Valdemoro / González, Niño de la Capea, Ortega

Toros de Valdemoro, chicos, bien armados, aunque 5o sospechoso de pitones; flojos, encastados; 3% bravo y noble; 6% fuerte y manso.

Dámaso González: tres pinchazos y media atravesada (pitos); primer aviso antes de matar, cinco pinchazos -segundo aviso- y rueda de mantazos del matador y un peón que tumban al toro (pitos). Niño de la Capea: pinchazo trasero bajo, pinchazo y media a paso banderillas (pitos); estocada corta perpendicular trasera y tres descabellos (pitos).

Ortega Cano: bajonazo (dos orejas); pinchazo, otro a paso banderillas, nuevo pinchazo y descabello (palmas).

Plaza de Colmenar Viejo, 28 de agosto. Primera corrida de feria. Cerca del lleno.

Ortega Cano, toreó. No se dice a humo de pajas. Se dice con toda intención, pues no todos los que se visten de luces y matan toros, torean. Por ejemplo y sin ir más lejos, Dámaso González, en la primera corrida colmenareña, pegaba pases que no es lo mismo. Y Niño de la Capea ni siquiera pases pegaba; zapatillazos, en cambio, si pegó.

El aspecto de los toros pudo ser lo que provocó el recelo en el pegapasista diestro y en el zapatillero artista, no porque aparecieran grandes -que eran chicos-, ni porque se fueran a comer a nadie, sino porque presentaban por delante unas astas vueltas de apreciable arboladura y les rebullía castita por dentro de sus cuerpecillos inquietos. Es decir, algo de lo que no queda: esas astas y esa casta propias del toro bravo tal cual lo parió la vaca madre de todas las vacas y estuvo justificando la lidia con sus naturales emociones durante siglos. Hasta que arrumbó un nuevo taurinismo con ideas propias sobre la fiesta, que consisten en inutilizar al toro y suprimir su lidia; y para conseguir sus propósitos, no vacilan en corromper hasta el lucero del alba.

Al torito guapo, encastado y noble, Ortega Cano le hizo el toreo bueno.
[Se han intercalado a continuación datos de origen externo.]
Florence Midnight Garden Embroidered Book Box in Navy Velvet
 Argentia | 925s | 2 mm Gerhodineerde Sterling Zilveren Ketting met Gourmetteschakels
No tanto con la izquierda, que empleó para dos tandas de naturales sin especial relieve, como con la derecha, que dibujó el redondo cadencioso, cargada la suerte, en series de acabada ligazón. Intercalando adornos también estuvo inspirado Ortega Cano, y culminó la faena mediante el engarce de un afarolado, cambio de mano, trincherilla, abaniqueo y desplante de rodillas, que pusieron al público en pie.

Lo malo fue que esa excelente faena la emborronó Ortega Cano con un horrendo bajonazo. Está claro que nadie es perfecto. Al sexto, el toro fuerte y manso de la corrida, que embestía a oleadas, huía del castigo, recibió cuatro varazos en regla uno de ellos corrido hasta los propios medios y aún pudo necesitar más, Ortega lo porfió valentón y sereno, pero el toro se limitaba a probar el engaño, sin embestirlo ni nada, y resolvió liquidarlo pronto. Y a todo esto, en ningún momento se amaneró el diestro, ni se jaleaba a sí mismo, ni dirigía lánguidas miradas al tendido, según acostumbra. Sencillamente, se sentía torero en esta ventosa tarde colmenareña y como torero de comportó.
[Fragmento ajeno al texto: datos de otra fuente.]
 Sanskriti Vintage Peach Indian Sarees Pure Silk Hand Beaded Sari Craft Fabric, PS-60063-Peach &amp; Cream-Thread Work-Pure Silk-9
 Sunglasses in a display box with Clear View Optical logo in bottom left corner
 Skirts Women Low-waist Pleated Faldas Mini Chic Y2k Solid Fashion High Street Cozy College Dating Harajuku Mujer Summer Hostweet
Un ataque de pegapasismo le debió entrar a Dámaso González. El hombre se puso a pegar pases de forma obsesiva y llegó a perder la noción del tiempo. El presidente hizo señas a la banda para que dejara de tocar, pues llevaba 10 minutos interpretando Nerva y se iba a morir asfixiado un músico de un momento a otro. Luego envió un aviso y Dámaso González, al oirlo, pareció despertar de una pesadilla. A lo mejor soñaba que estaba pegando pases. Entonces se puso a pinchar al toro, y pues no conseguía metarlo, entre él y un banderillero lo marearon a fuerza de mantazos. "¡Más pases no, cielos!", mugió el toro, y se resignó a morir por Dios y por la patria. 0 sea, que se tumbó, y allí se las dieran todas.
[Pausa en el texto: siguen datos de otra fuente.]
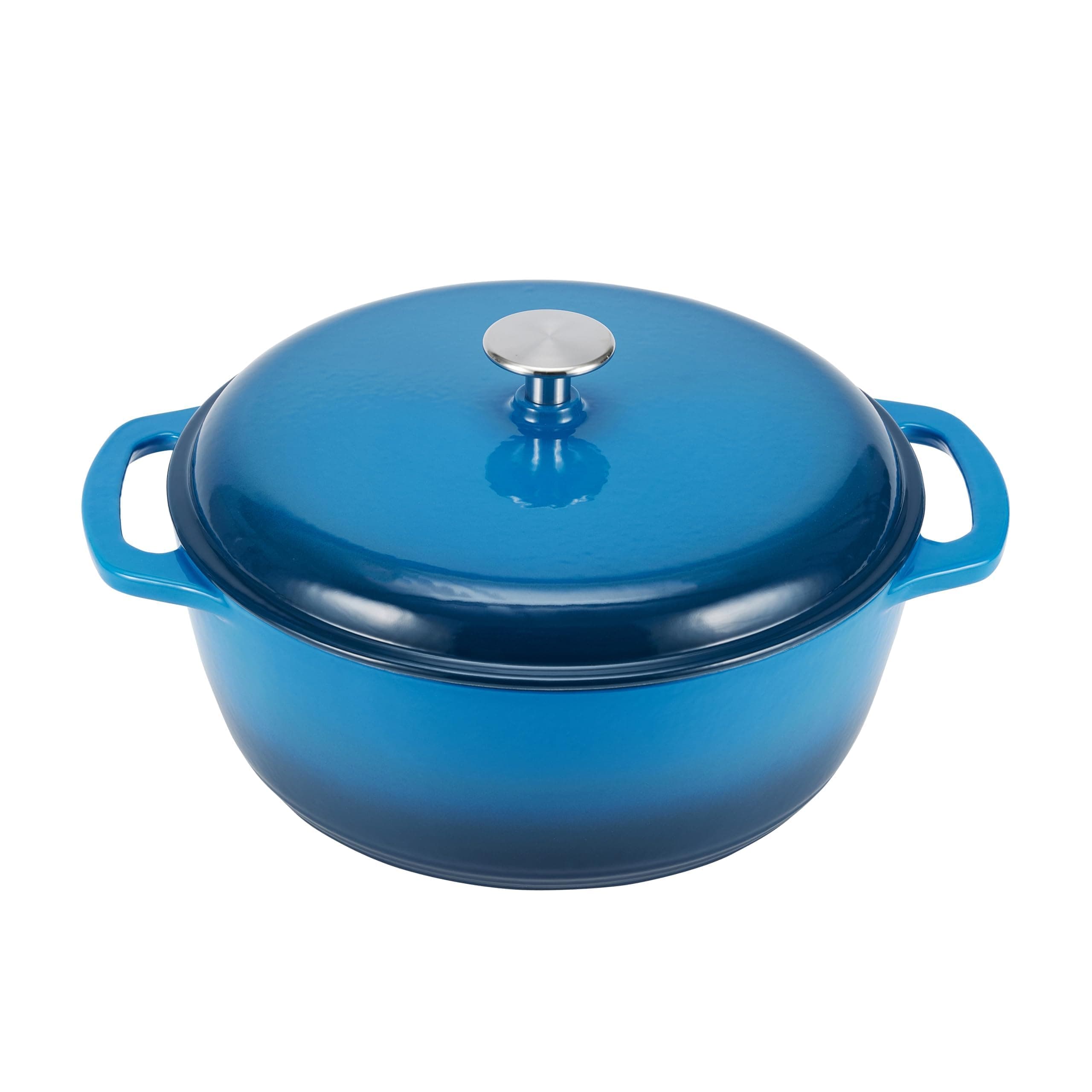Amazon Basics Enameled Cast Iron Dutch Oven Pot with Lid, Round, Dual Handles, Heavy-Duty, Oven Safe for Baking, Roasting, Stews, 6-Quart, Blue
Niño de la Capea dio unos redondos corriendo bien la mano al segundo torito guapo y después quien corría era él. Citaba pegando un zapatillazo, templaba poco, aguantaba menos. El quinto le desbordó y le desarmó dos veces. Así debían torear en la prehistoria. Si no llega a ser por la aportación artística de Ortega Cano, hubiéramos creído que aún estábamos en las cavernas.